Goal of the exercise: Exact copy, no pictures: return only the lines below from the line with "Foto En Handtekening: 40" up to and including the line with "Secretary-General Meets MDG".

Extracted information:
*****

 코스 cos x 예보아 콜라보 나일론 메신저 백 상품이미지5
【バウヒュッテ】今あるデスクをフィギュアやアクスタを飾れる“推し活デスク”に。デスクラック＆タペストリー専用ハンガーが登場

*****

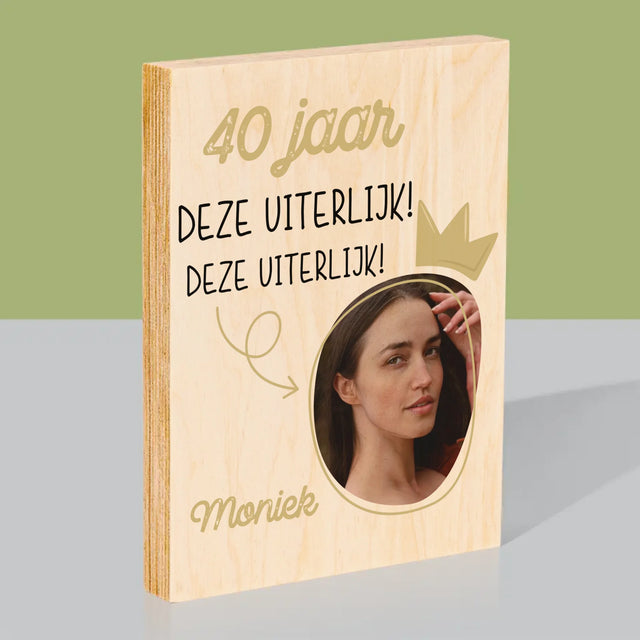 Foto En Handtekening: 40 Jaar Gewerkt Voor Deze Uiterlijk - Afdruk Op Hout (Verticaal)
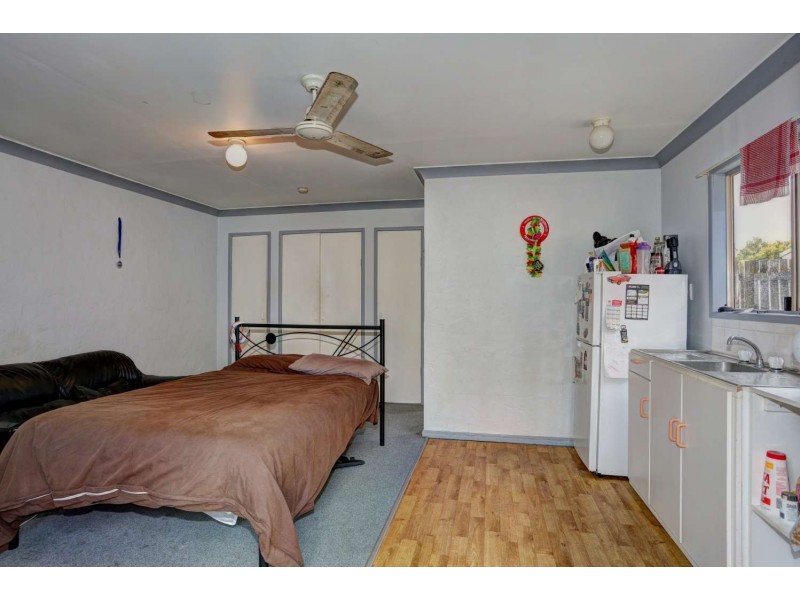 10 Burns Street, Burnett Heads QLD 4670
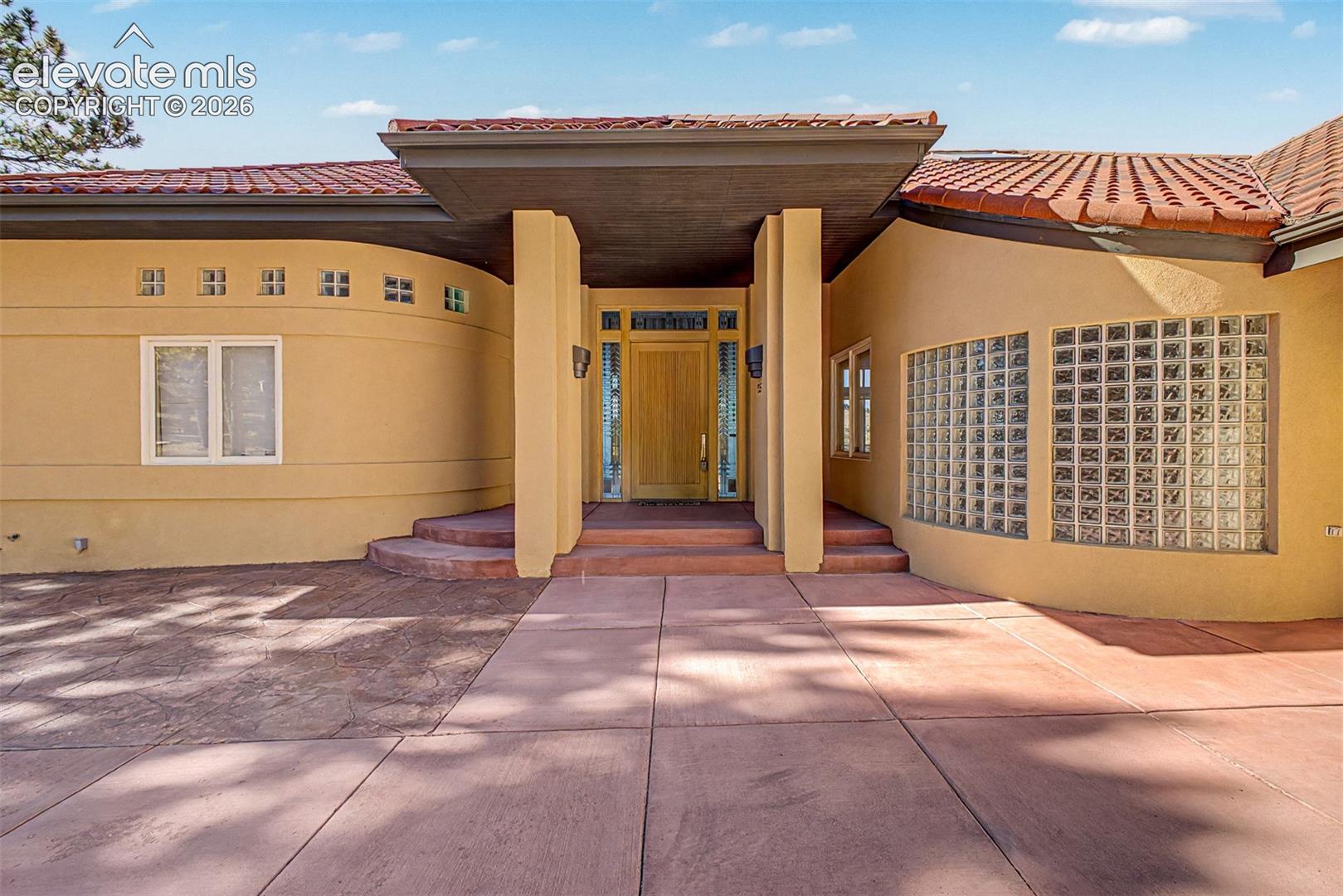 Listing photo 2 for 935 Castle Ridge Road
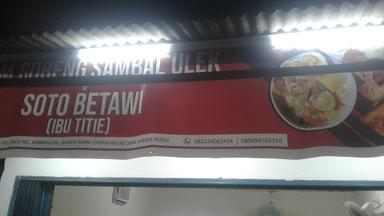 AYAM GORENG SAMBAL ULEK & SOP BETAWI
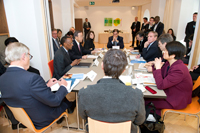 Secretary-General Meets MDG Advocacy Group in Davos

*****

Exercise result:
 Foto En Handtekening: 40 Jaar Gewerkt Voor Deze Uiterlijk - Afdruk Op Hout (Verticaal)
 10 Burns Street, Burnett Heads QLD 4670
 Listing photo 2 for 935 Castle Ridge Road
 AYAM GORENG SAMBAL ULEK & SOP BETAWI
 Secretary-General Meets MDG Advocacy Group in Davos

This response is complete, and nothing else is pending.